The Czechs and Poles are delighted to be in the EU and outside the Eurozone. Now Slovakia’s elite is wondering if it shouldn’t rejoin them.
In 2008, Slovaks celebrated the nation’s entry to the continent’s common currency.
Two years later, one thing is obvious: pride has been tempered by the responsibilities that come with sharing a common European currency heading down the toilet. As EU nations are asked to help bail out Ireland and Greece, many now see the euro as a burden, not a blessing. And some in the Slovak leadership are looking for the exit.
In a recent newspaper article, Parliament speaker and eminent economist Richard Sulik sent shock-waves across the already edgy eurozone by arguing that Slovakia should be ready to abandon the euro and switch to its former national currency. The Finance Ministry was quick to dismiss his remarks, and pro-Brussels economist Nicolas Veron says that leaving the eurozone “would be economically disruptive”.
But anti-euro sentiment remains strong in a country that defied its partners earlier this year by refusing to provide its euro800 million ($1.05 billion) share of the euro110 billion ($145 billion) EU bailout loan for Greece.
“Everyone with common sense can see that the system is ill,” said Matus Posvanc, an analyst from the F. A. Hayek Foundation, a conservative think tank in Bratislava. He called attempts to bail out Athens futile “because Greece’s bankruptcy is inevitable.”
In refusing to pay its share of the Greek bailout package, “our main objection was … that it was only the taxpayers who have to pay,” Slovak Finance Minister Ivan Miklos told AP. “But the banks, which contributed to the problem and made profit by providing loans to problematic countries in the past, didn’t have to pay a single cent.”
Hard to disagree with that.
“The profits are privatized but the losses are socialized,” Miklos said. “When it works, a few make money, but when it collapses because they take too big a risk, we all have to pay.
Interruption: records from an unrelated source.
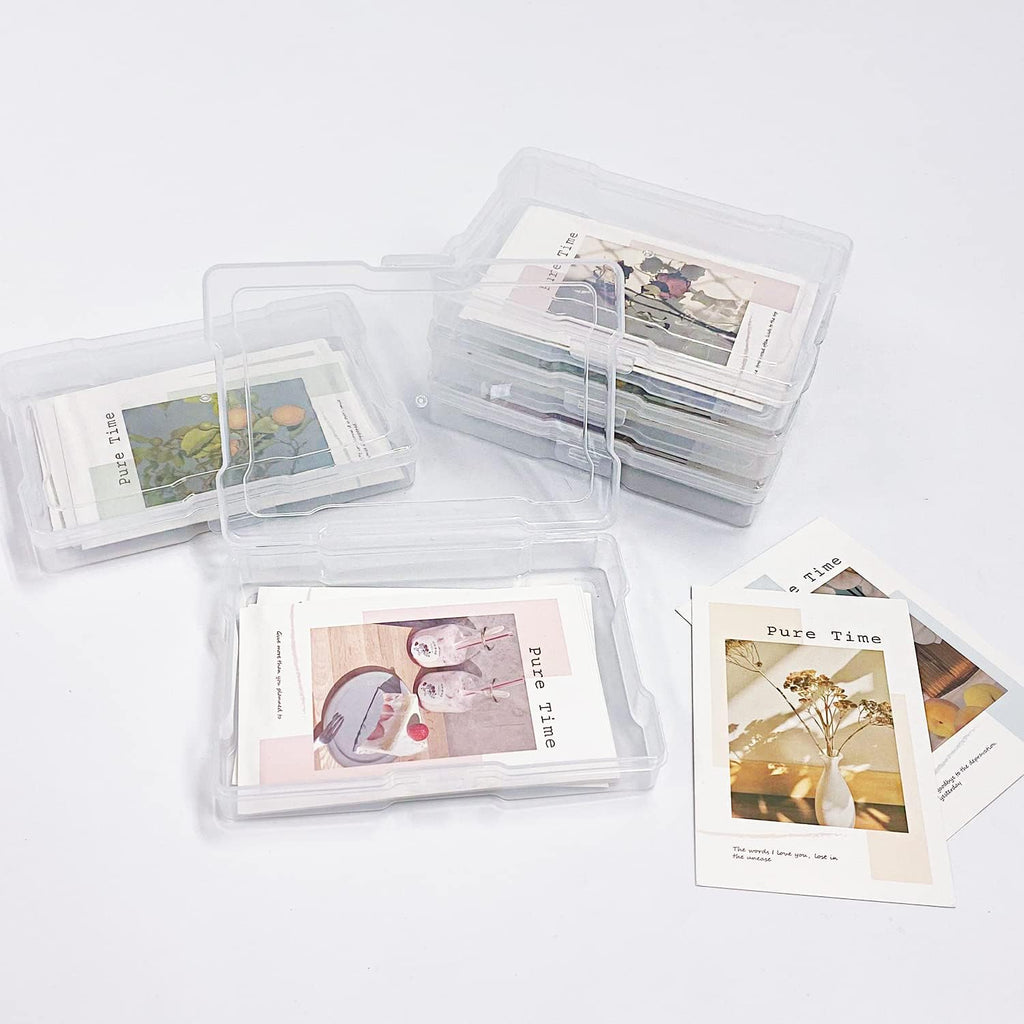 5" x 7" Photo Storage Case, 24 Inner Photo Organizer Keeper, Extra Large Storage Picture Boxes, Seed Storage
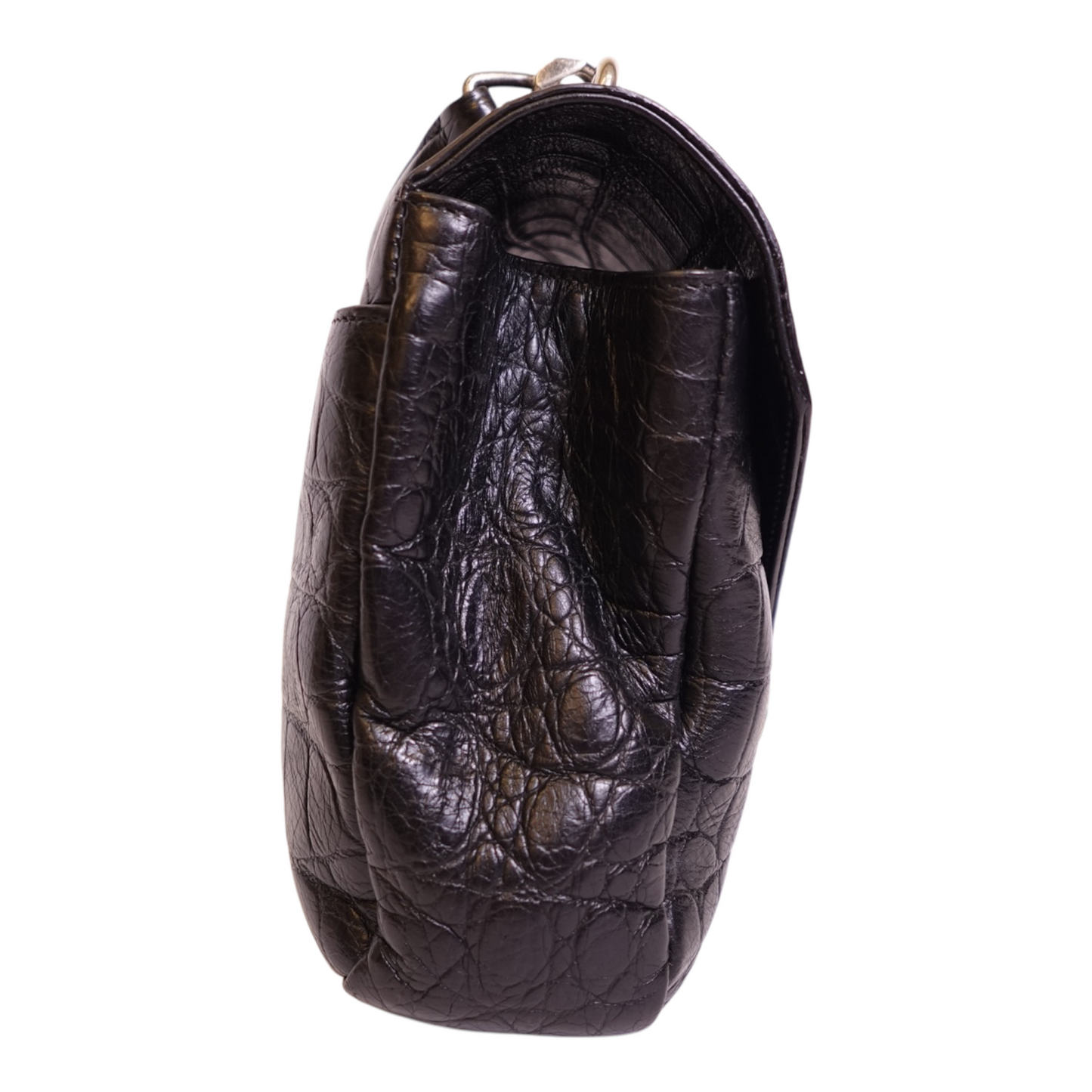 YSL Crocodile Embossed College Bag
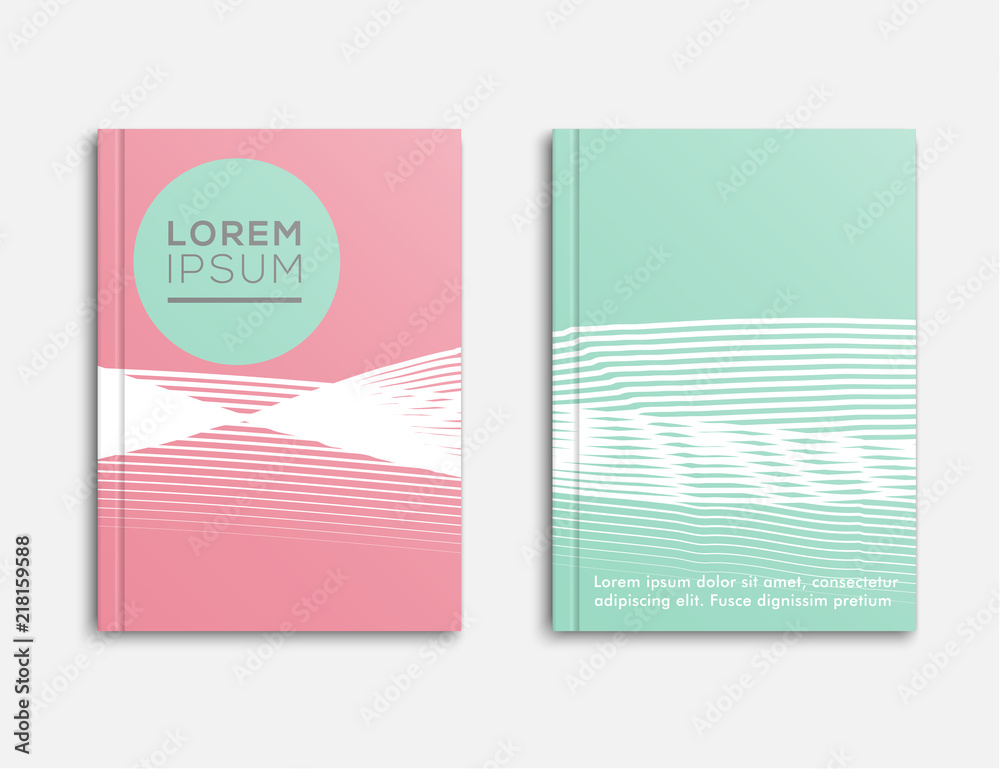 Naklejka premium Abstract Brochure template,cover design Banner flyer for business, Vector illustration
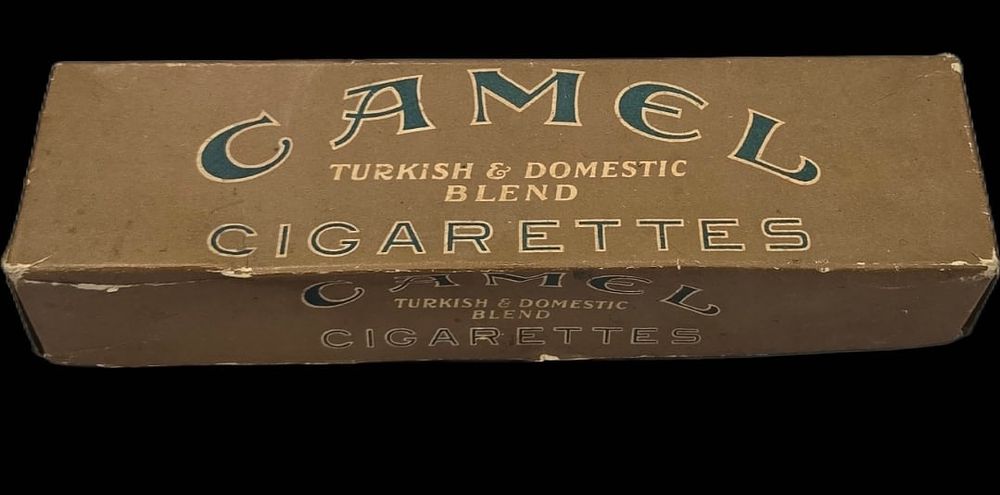 Lot 154: WWI-Era Camel Turkish Blend Cigarette Slide Box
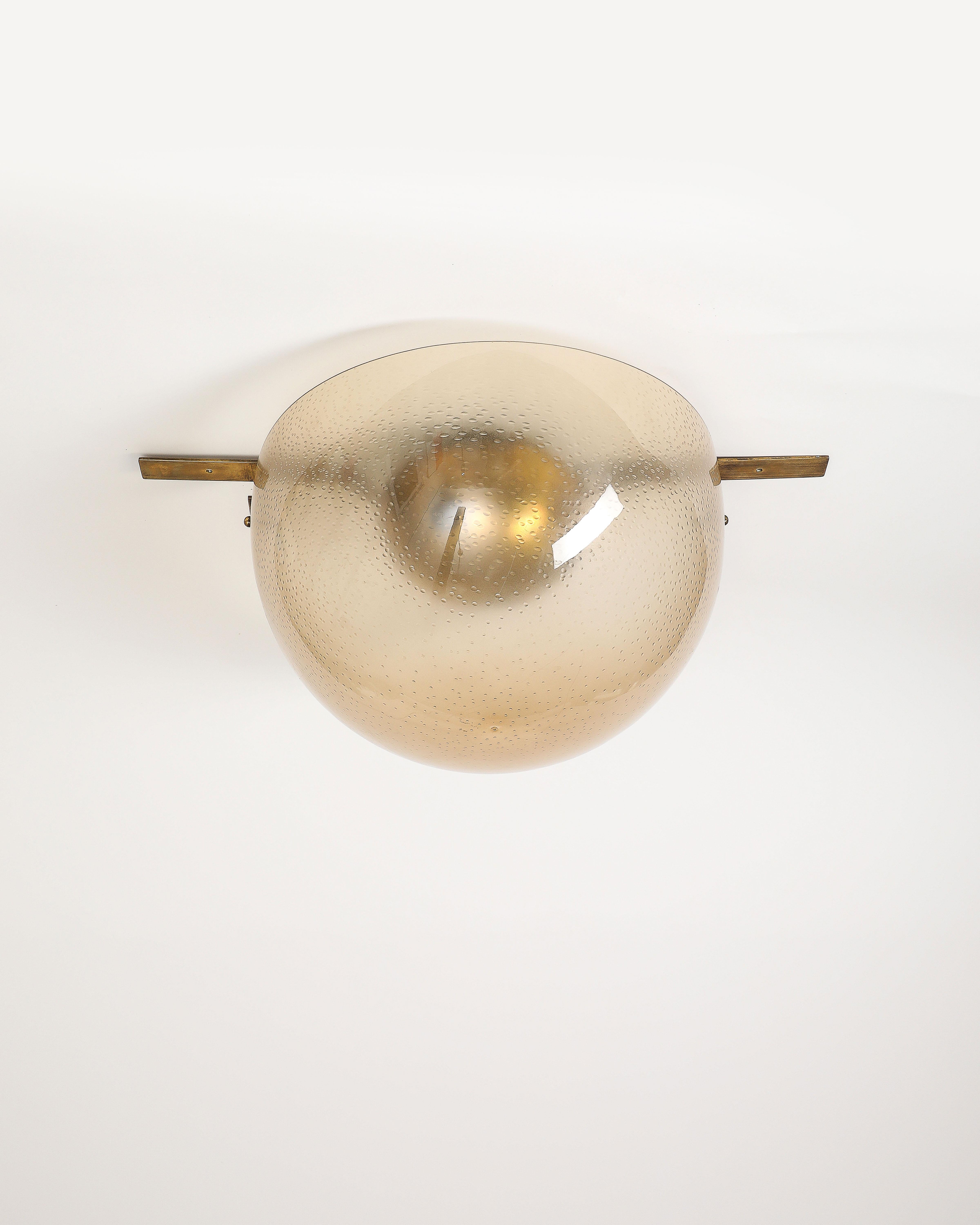 Brass and Acrylic Ceiling Light, Italy, c. 1960 1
That’s a huge problem.”
Nigel Rendell, an economist at RBC Capital Markets in London, said Slovak concerns were understandable.
“Slovakia worked incredibly hard to gain membership of the euro,” he said. “Now they find themselves having to dip into their own pockets to finance foreign governments that spent too much and should have known better.”
Although Slovene Prime Minister Borut Pahor has defended his country’s loan guarantees for Ireland, a recent survey by Mediana indicated 67 percent of citizens were opposed.
Meanwhile, Poland’s budget deficit – like those of some other former Soviet bloc nations – remains notably above the 3 percent benchmark needed for eurozone entry. Polish scepticism about the euro has been growing since the country did relatively well during the global economic downturn while still using its currency, the zloty. In 2009, Poland’s economy grew 1.7 percent, making it the only EU country to avoid recession.
Euro outsiders can now devalue their currencies against their eurozone partners and – like the Polish zloty – the weaker Czech koruna has helped Prague’s export sector during the financial crisis gripping the eurozone.
The Czech Republic is yet to set a target date to join the euro, which President Vaclav Klaus has repeatedly described as a failure.